Asked whether her relationship with the police had improved, Brooks said: "Not one police come and ask me, 'Miss, how you making out?' Do you believe me?"
She wants justice for her son's death.
Brooks said the only vices her son had were "drinking rum" and "using obscene language" and he had never run afoul of the law.
Unimaginable pain, sleepless nights
Sterling Jacobs, a retired principal, and his wife Carol, a portfolio administrator with an insurance broker, whose home is literally around the corner from where their only son was shot dead, said they have to relive the horror of losing him every day.
They said they were in the kitchen preparing lunch when they heard screeching tyres and people loudly ordering someone to get back in a car, and went to their porch to investigate.
The Jacobs, both aged 65, said they saw a lot of police officers on the street in front of their home and some pointed guns and them ordeed them back inside the house. Seconds later, they heard rapid gunfire and ran back to the porch.

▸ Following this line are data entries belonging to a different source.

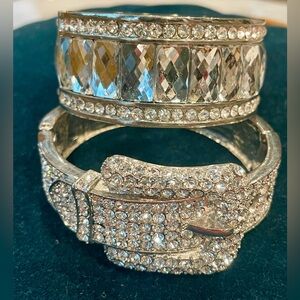 Costume Rhinestone Hinged Bracelet Duo, Blingy Buckle & Giant Gem, 8”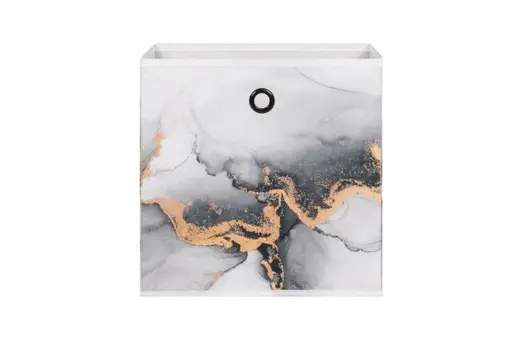 Faltbox - Stoff, Marmor Grau/Gold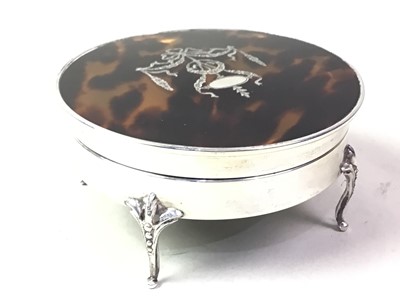 Lot 478 - SILVER AND TORTOISESHELL TRINKET BOX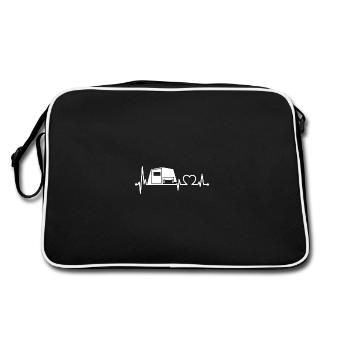 Camptourist Klappfix battement de coeur -blanc- - Sac Retro - noir/blanc - Dos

Joel Jacobs had only moments earlier left the house with Diamond, in a car driven by Clinton, to buy a bottle of rum to celebrate his birthday.

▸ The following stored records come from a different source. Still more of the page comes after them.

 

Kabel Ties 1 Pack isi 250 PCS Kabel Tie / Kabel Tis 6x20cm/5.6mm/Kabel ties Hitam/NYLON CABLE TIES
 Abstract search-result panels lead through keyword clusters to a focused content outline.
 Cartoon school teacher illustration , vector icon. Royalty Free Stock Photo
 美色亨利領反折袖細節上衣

At that time they did not know their son was one of the three men the police had killed. He was a qualified electrician, who also worked in construction and was a custodian at Bethlehem Boys' RC school,
Sterling said the police sergeant instructed him to go to the morgue, even though his son's body was almost in front of him.
Carol said losing her only son "is the most unimaginable and painful situation to go through. No one will understand the pain and suffering. Every time I pass there it bring tears to my eyes."
She said she recently started counselling, as they both have difficulty sleeping. The relatives claim no one from the police's Victim and Witness Support Unit ever visited them to offer any support.
The mother of Clinton's three children said his six year old daughter often cries when she sees her father's photo on her tablet and live has been a struggle since his death as he was the breadwinner in the famiily.
She said she is praying for justice like the entire community and hopes the red-tape to get survivor's benefit to help take care of the children can be approved soon.
The woman, who spoke on the condition of anonymity, described Clinton as a loving father who smiled a lot. She broke down crying as she talked about him saying that he never got an opportunity to see his last child, now eight months, or tell the other two goodbye.
'Treat us like human beings'
Resident Kathy Ann Waldron, of Cipriani Avenue, said last year's shootings affected the entire community.
"It just have the place downcast where everybody have to fear for their life now when they see the police because you really don't know what they up to...If you there to protect and serve, you can't be the judge, jury and executioner."
She said if someone is accused of a crime the role of the judiciary was to determine guilt of innocence based on evidence.
"If you have to be the judge, jury and executioner, then let us do away with the court, because that not making no sense."
Waldron said she had no problem with the police doing their work in a professional manner but when they threaten residents, curse them and point guns at them, people don't feel safe when they are around.
"You know sometimes you will be glad if police come around and things going on, but now you doesn't care to see a police pass, because everybody 'fraid for their life and that not supposed to be."
Some of the young men said they only way they believed they can get the attention of the authorities is by protesting, blocking roads and burning debris, but knew if they did so during the SoE they would be arrested. Some recounted incidents with police when one would bark commands to shut up, while another demanded an answer, often resulting in a slap, cuff, kick or even shot.
But they said they are willing to work with the police if they are treated with respect and like human beings.
Commissioner of Police Gary Griffith declined to comment on the anniversary of the fatal police shooting.